Hospital bed
Three wards closed due to the outbreak of swine flu.Christopher Furlong/Getty Images

The Leicester Royal Infirmary has closed three of its wards after 14 cancer patients were diagnosed with swine flu. The patients have been isolated to contain the spread of the virus.

At the same time, the Glenfield Hospital in Leicester is also treating three seriously ill patients for swine flu. The three patients are believed to have been brought to Leicester from other parts of the country, local media reported.

Staff and experts from Public Health England are investigating how the patients were infected by the H1N1 virus. Liz Collins, the lead nurse for infection prevention at University Hospitals of Leicester Trust said: "We have seen an increase in the number of flu cases in February, in both the community and across our hospital sites."
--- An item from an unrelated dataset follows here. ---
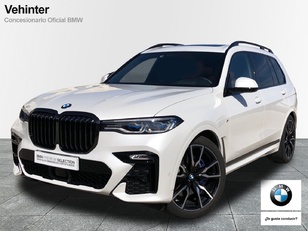 Fotos de BMW X7 xDrive40d color Blanco. Año 2022. 250KW(340CV). Diésel. En concesionario Vehinter Getafe de Madrid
She said: "Fourteen patients on three haematology wards at Leicester Royal Infirmary have developed symptoms that have been confirmed as flu. All necessary precautions were taken and these patients have been isolated to avoid an outbreak."

She said visitors who have cold and flu symptoms, such as a cough, runny nose or high temperature have been advised to stay away from the hospital to avoid passing on their infections to the patients. A hospital statement said the origin of the virus was as yet unclear but noted that it is "likely to be from a visitor as this strain of flu is currently in the community."
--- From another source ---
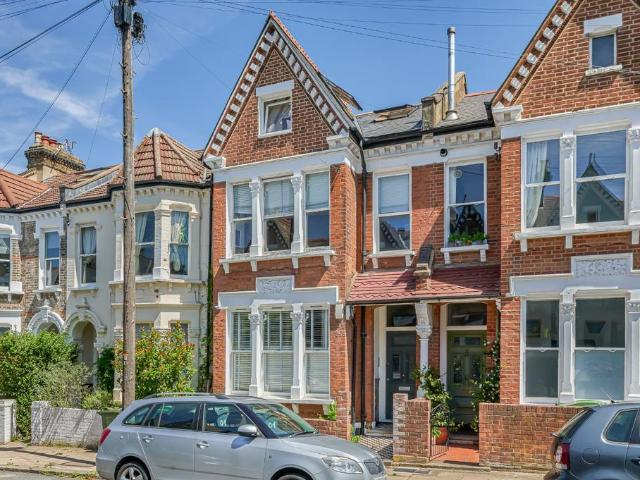 Flat for sale in Brixton, Greater London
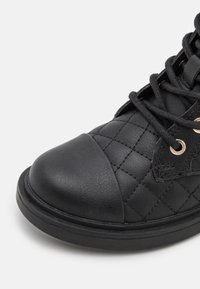 Geox Šněrovací kotníkové boty - black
Philip Monk, consultant in the communicable disease control for Public Health England in the east Midlands said: "It's not too late for children and people in 'at risk' groups to get the vaccine for free, and this remains important now that the flu is circulating." H1N1 particularly affects young children, pregnant women and adults with long term health conditions.

The Guardian says that provisional national data from Public Health England indicates that up to the end of January, the take-up for the flu vaccine in targeted groups in England was under 50% despite it being free. Figures from GP surgeries show that only 45% of under-65s at clinical risk because of long-term health conditions, 42% of pregnant women, 36% of two-year-olds, 38% of three-year-olds and 30% of four-year-olds have been vaccinated.